Case Studies

2 minutes

RevisionDojo (YC F24): Achieving 10x cost reduction and seamless scalability with Datalab

July 1, 2025

RevisionDojo (YC 24) is a rapidly growing edtech platform designed to offer modern solutions for students and educators to manage, process, and personalize educational content. By providing transcription and content extraction services, RevisionDojo streamlines study preparation and content review for its 310k+ user base. Since launching in 2024, the company has seen exponential growth and is pioneering a format of learning focused on quality, fun, and personalization. 

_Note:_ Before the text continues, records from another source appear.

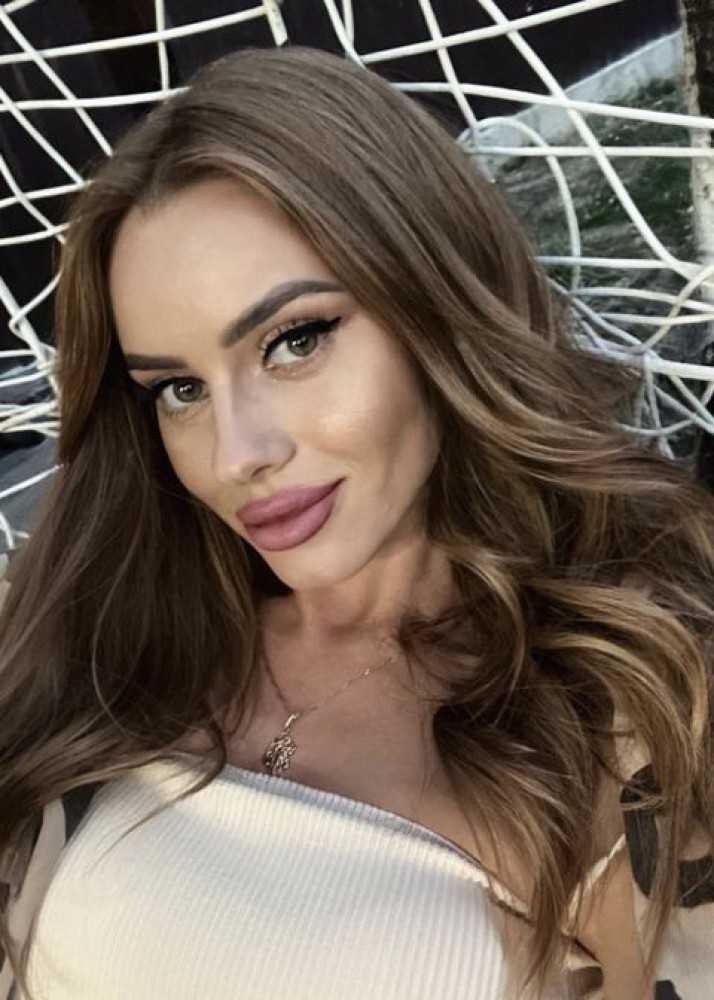 Индивидуалка Злата фото № 2 в городе Пестово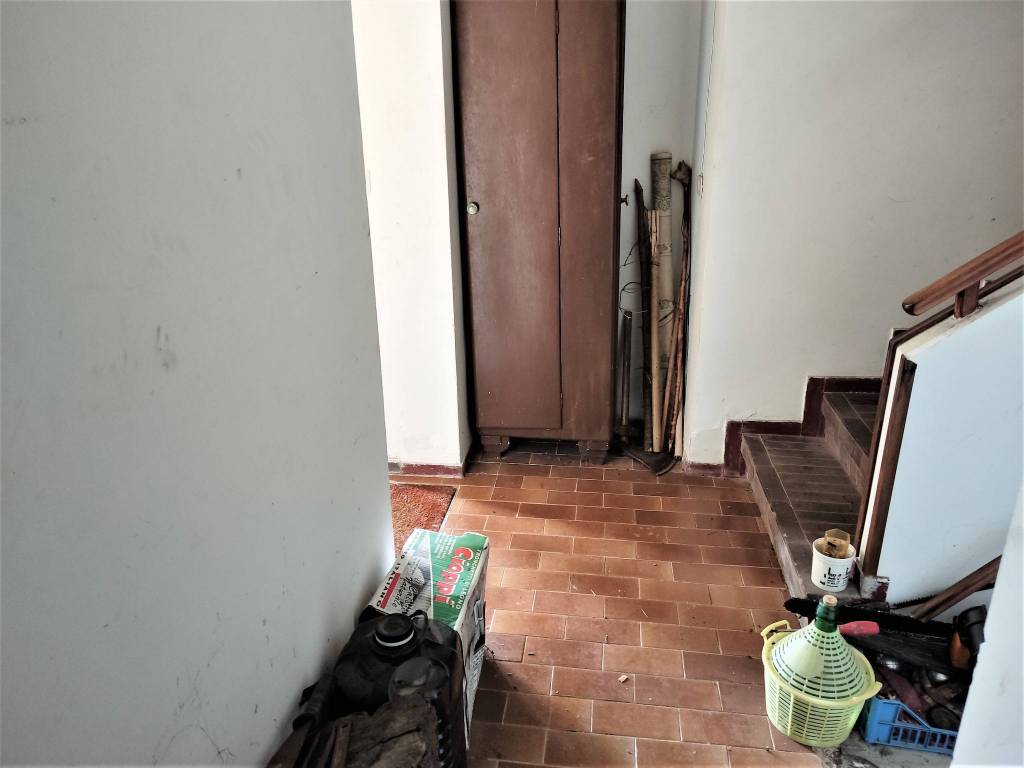 Villa a Bajardo in Regione Gianluì, 19 - Foto 5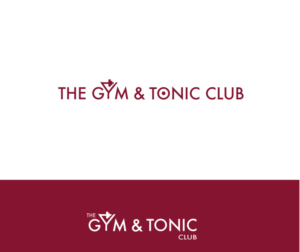 Logo Design by Hiccups Design for this project | Design: #13422655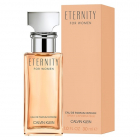Calvin Klein Eternity Apa de Parfum Intense Femei Gramaj 30 ml Concent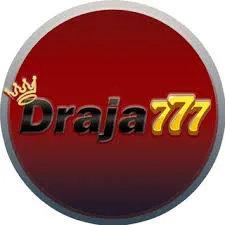 DRAJA777 - Aplikasi Pengingat Obat Terbaik untuk Kesehatan Anda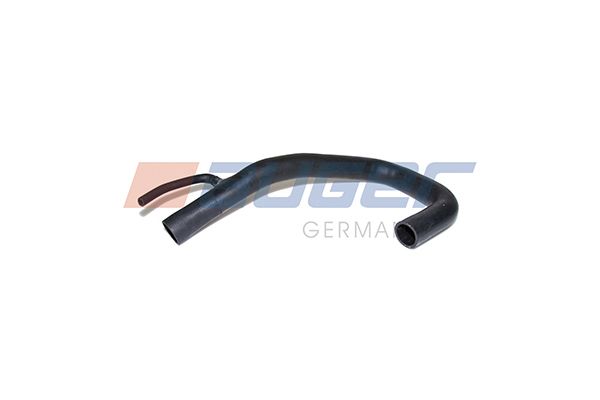 AUGER 69466 Radiator Hose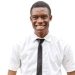 Kidnappers still holding my son after collecting N500,000 ransom – Akwa Ibom pastor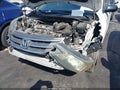 2014 Honda CR-V — photo 20 of 21 | VIN 5J6RM3H32EL043055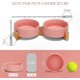 thumbnail image 2 of Haut-parleur sans fil Bluetooth pour voiture, lecteur MP3 universel, 2 of 5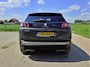 Peugeot 3008 1.6 HYbrid 225 GT - PHEV - Panorama dak -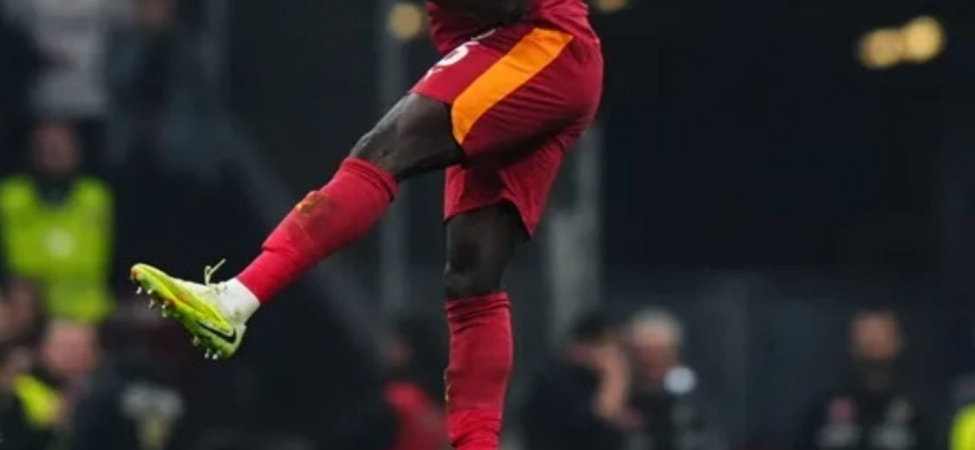 FENERBAHÇE’DE YENİ HOCA ARAYIŞI (13)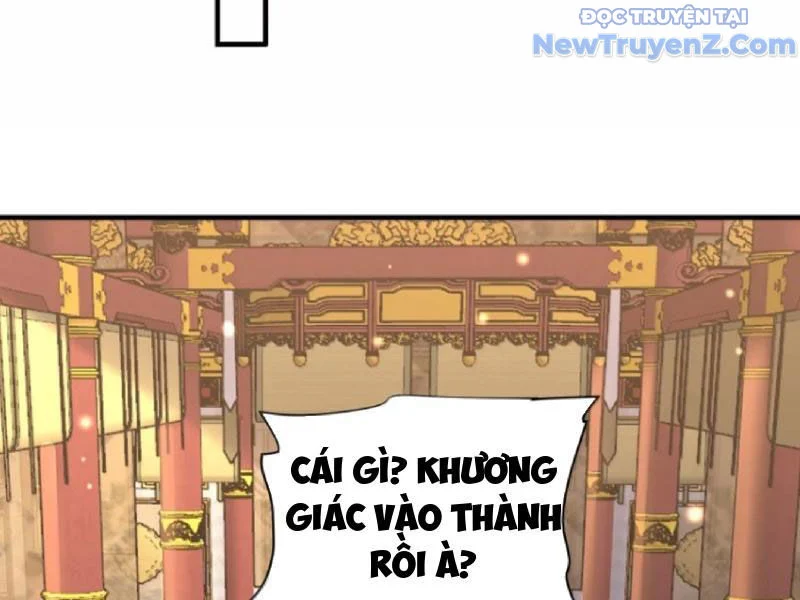 Bói Toán Mà Thôi, Cửu Vĩ Yêu Đế Sao Lại Thành Nương Tử Ta?! Chapter 80 - Trang 2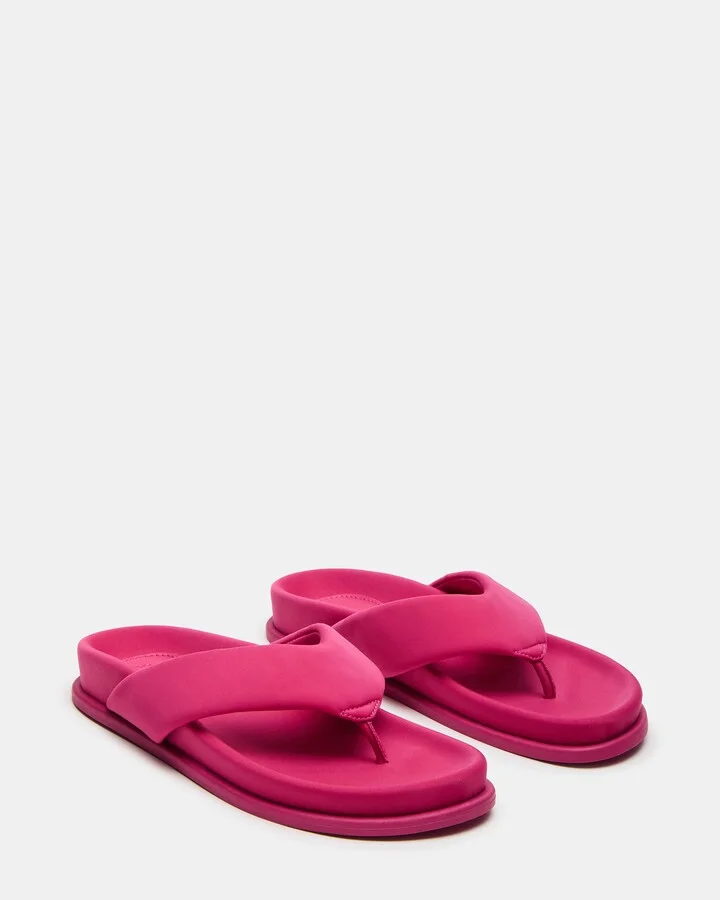 Zinnia Pink - Image 2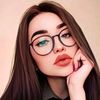 betsarodriguez14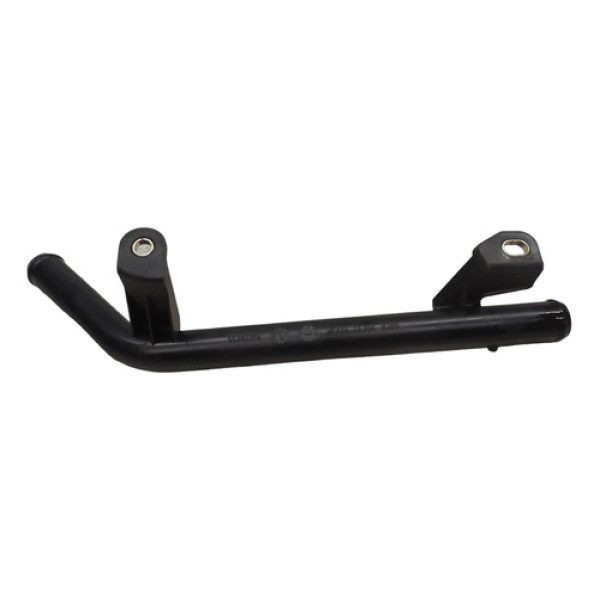 Cano Antichamas Fiat Toro Compass Diesel 20 A 23 Cod55280356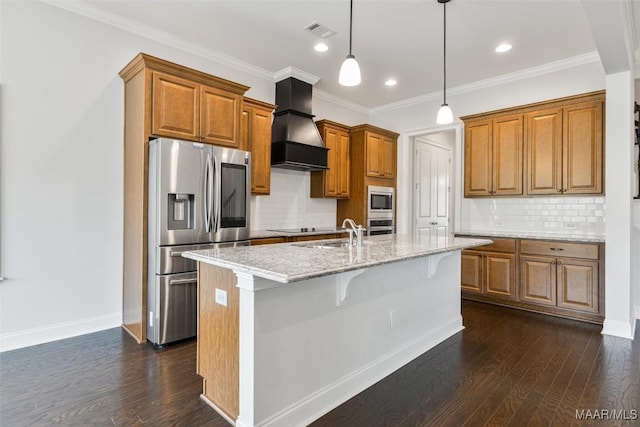 1223 Mcclain Dr, Prattville, AL 36066 - photo 14
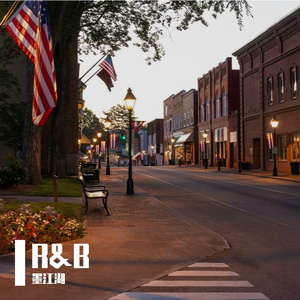 温暖如阳光照耀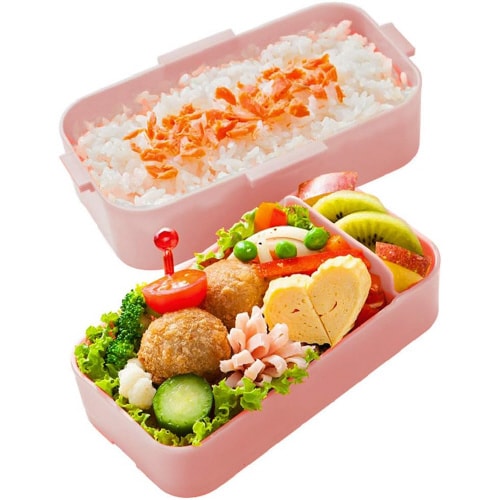 弁当箱360ml ポケットモンスター23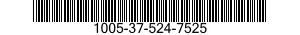 1005-37-524-7525 SHIELD ASSEMBLY,PROTECTIVE 1005375247525 375247525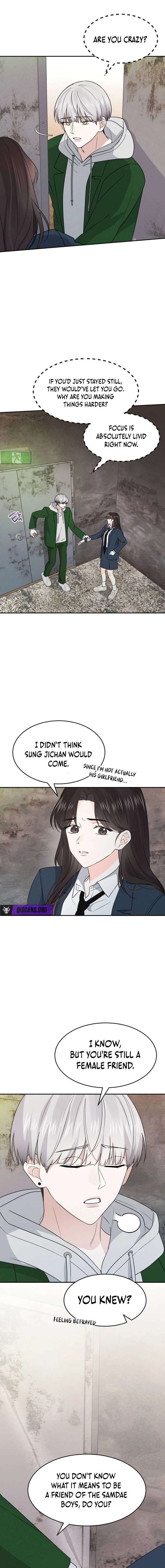 ch 45 13
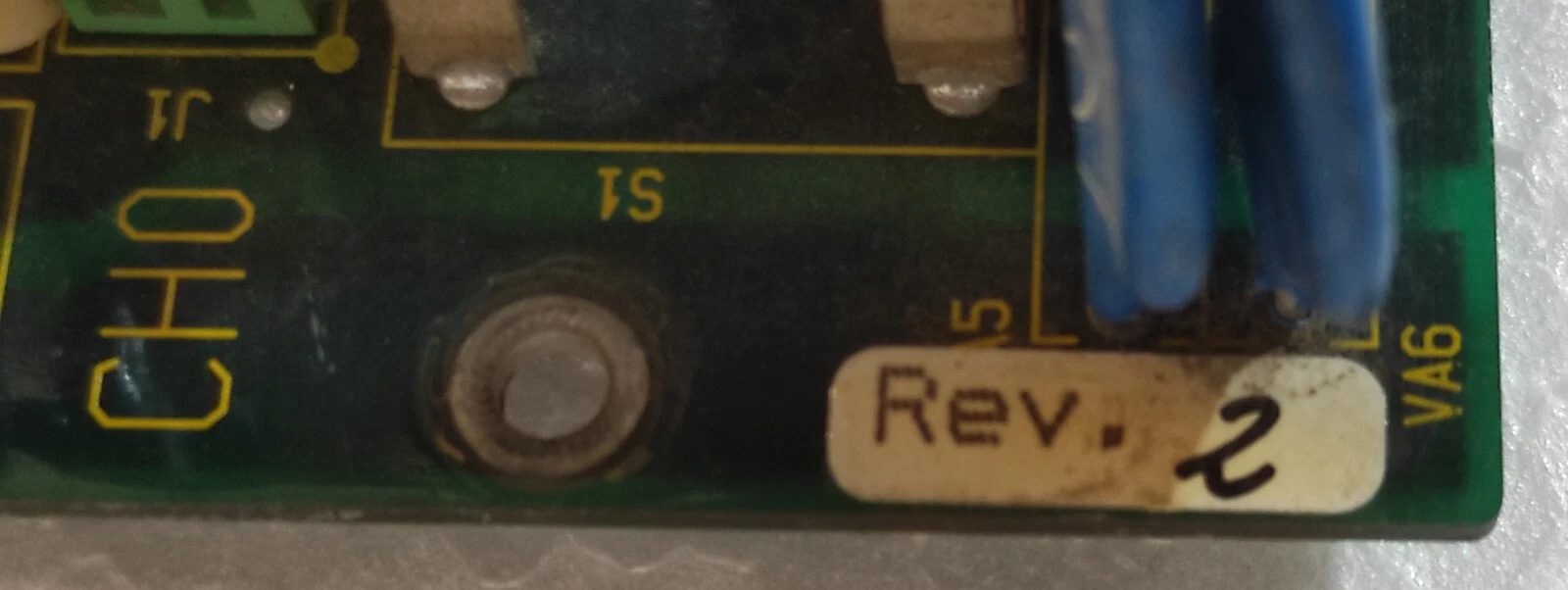 admin/uploads/uploads/soren lyngso 60 pcb card part 064_3.webp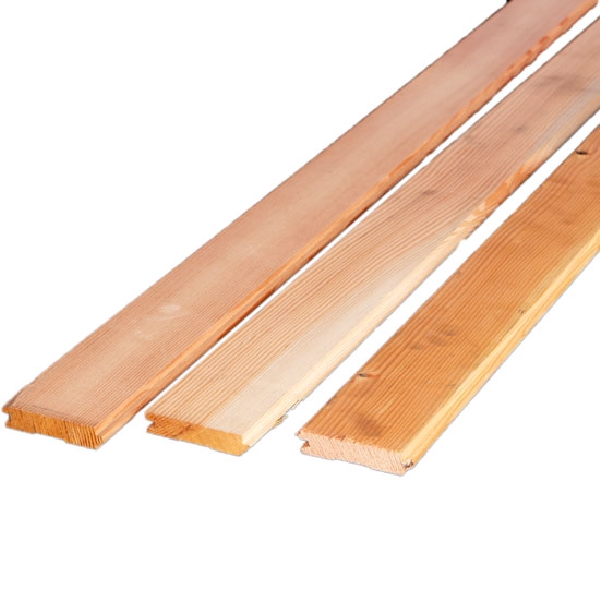 Wood Products 01x04x4.DF.C&BTR.DRY.FLOOR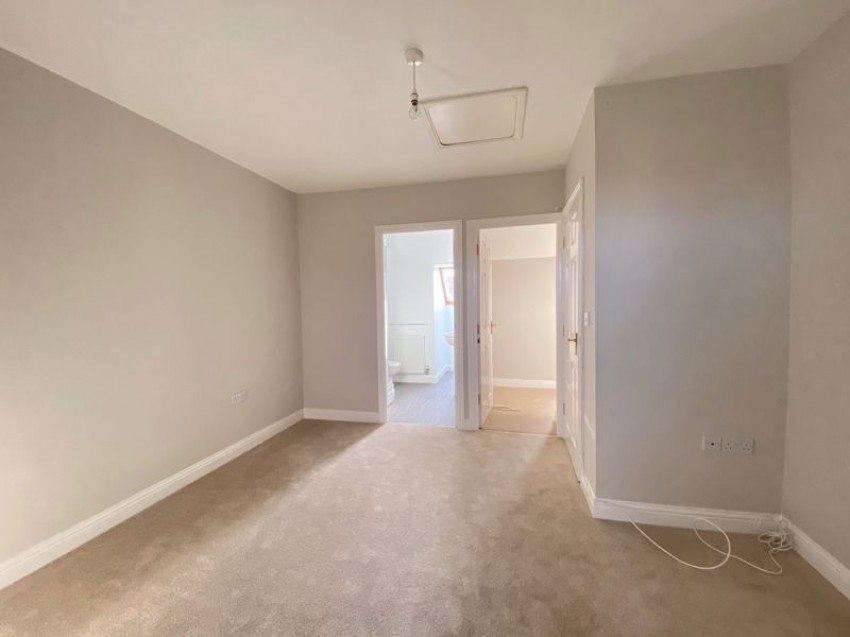 Images for Zander Road, Calne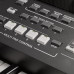 Yamaha PSR-S670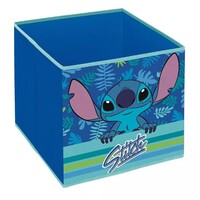 Lilo en Stitch Opbergbox Inklapbaar - Disney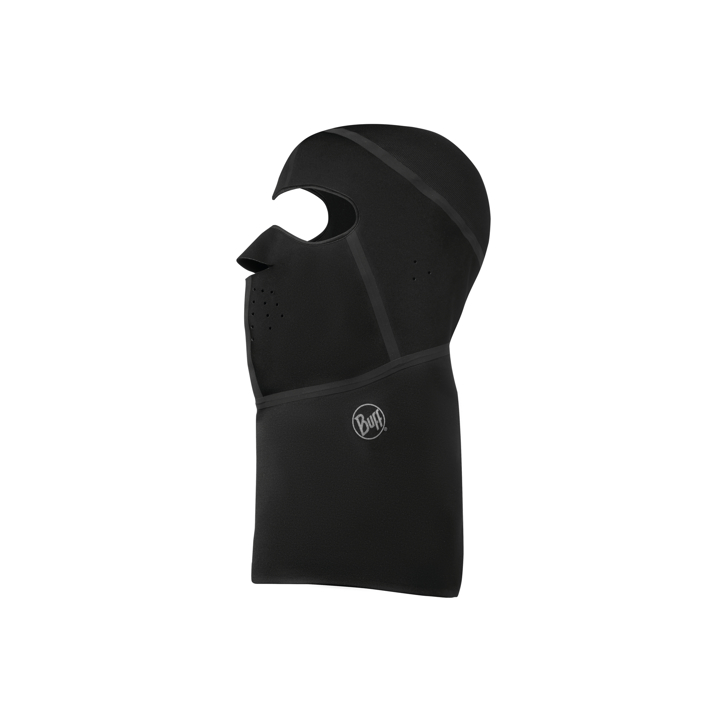 BUFF BALACLAVA CROSS TECH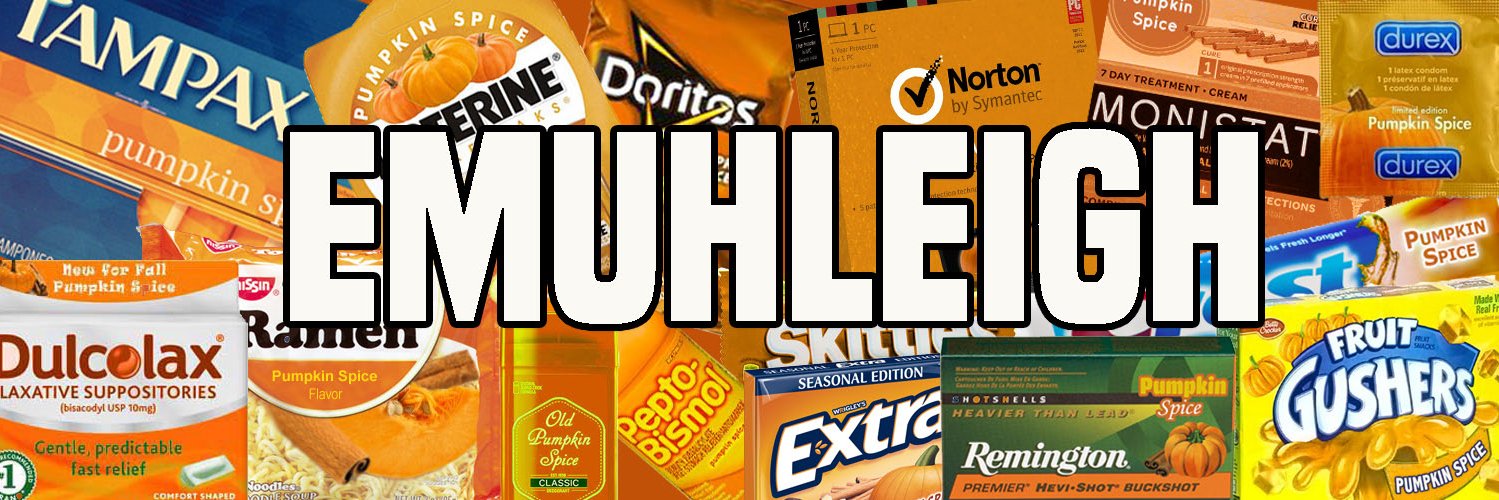 Emuhleighz's profile banner image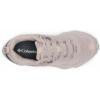 imageColumbia Womens Facet 75 Outdry Hiking ShoeVaporGranite Purple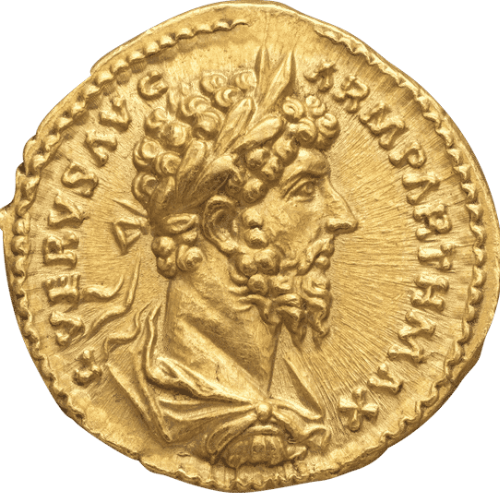Coin Collecting Guide - Everything You Need To Know 18 coin-collecting-guide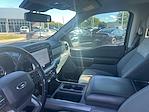 2021 Ford F-150 SuperCrew Cab 4x4 Pickup for sale #326F0011 - photo 22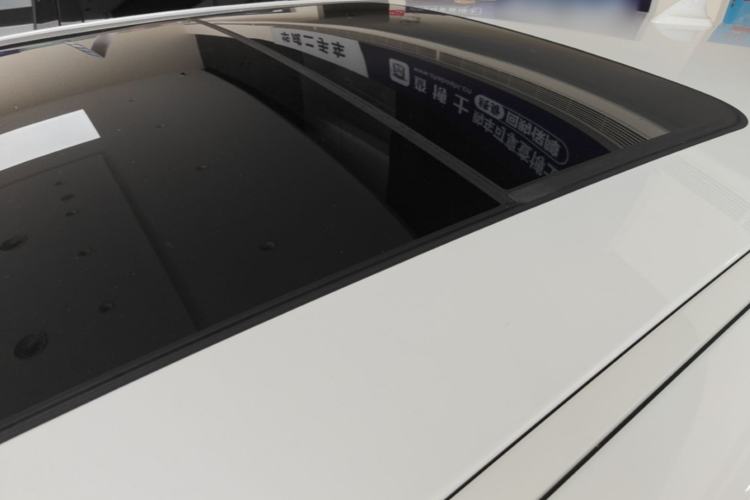 Used BMW X2 2021 sDrive20i M Sport Package Roof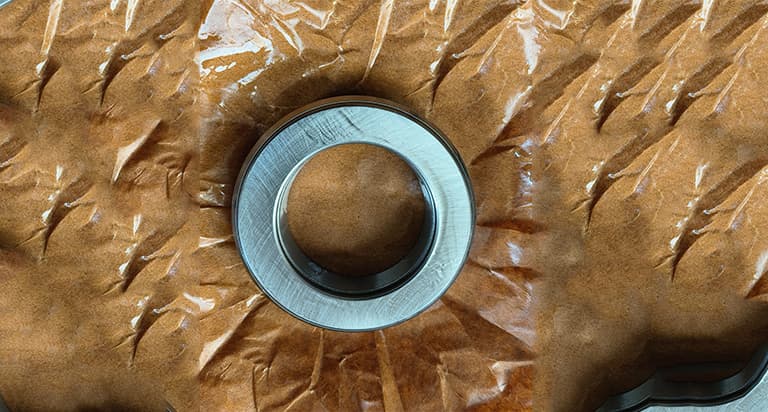 bearing
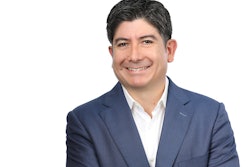 Carlos Paz. Photo courtesy of Ceres Global Ag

Confronting Infrastructure Pain Points

Honza Kocourek, RevisionDojo’s Founding Engineer, is responsible for ensuring the platform remains fast and reliable for reviewing and revising content from PDFs. Early on, he identified that their infrastructure and processes would eventually become a bottleneck. The team initially relied on a self-hosted, screenshot-based system that required manual capture and upload of PDF pages, which presented several challenges:

  • High Costs: Manual screenshot-based processing was resource-intensive and led to high infrastructure spend.
  • Scalability Issues: After a successful LinkedIn launch, a sudden spike in usage caused system crashes, revealing the limitations of their early infrastructure.
  • Limited Layout & Image Detection: Other tools they evaluated failed to capture visual elements and struggled with non-standard and multi-column formats.
  • Limited Model Adaptability: Popular models like Meta’s LLaMA-2 were trained on structured research papers and struggled with real-world documents submitted by their users.

Academic content from PDFs are used to generate personalized formats for studying and learning.

Unlocking Scale and Speed with Datalab

RevisionDojo adopted DataLab’s API-based PDF processing solution, resulting in:

  • 10x Cost Reduction: Switching from screenshot-based to full PDF processing with Datalab enabled a 10x cost reduction, making it possible to continue offering their product at a low pricepoint.
  • Seamless Scaling: To quote Honza, “It was amazing because within 30 minutes we had a deployment ready to go with all of the services updated, all of the links changed, and it was smooth sailing from then on. We haven’t touched the implementation since” 
  • High Throughput: The average PDF processing time is now around 10 seconds. “Before we begin checking, they’re transcribed and ready for us to use.”
  • Superior Content Handling: DataLab’s advanced image extraction and layout detection outperformed competitors, especially with real-world PDFs.

Infrastructure Planning for Expansion

RevisionDojo plans to expand beyond IB coursework to other curricula and explore new service models. To support this growth and their rapid user adoption, the company will continue their partnership with Datalab, eventually migrating to an on-premise solution. “It has allowed everything and everyone to scale in ways we hadn’t imagined. The fact that we can use Datalab without worrying about servers or maintenance is delightful.”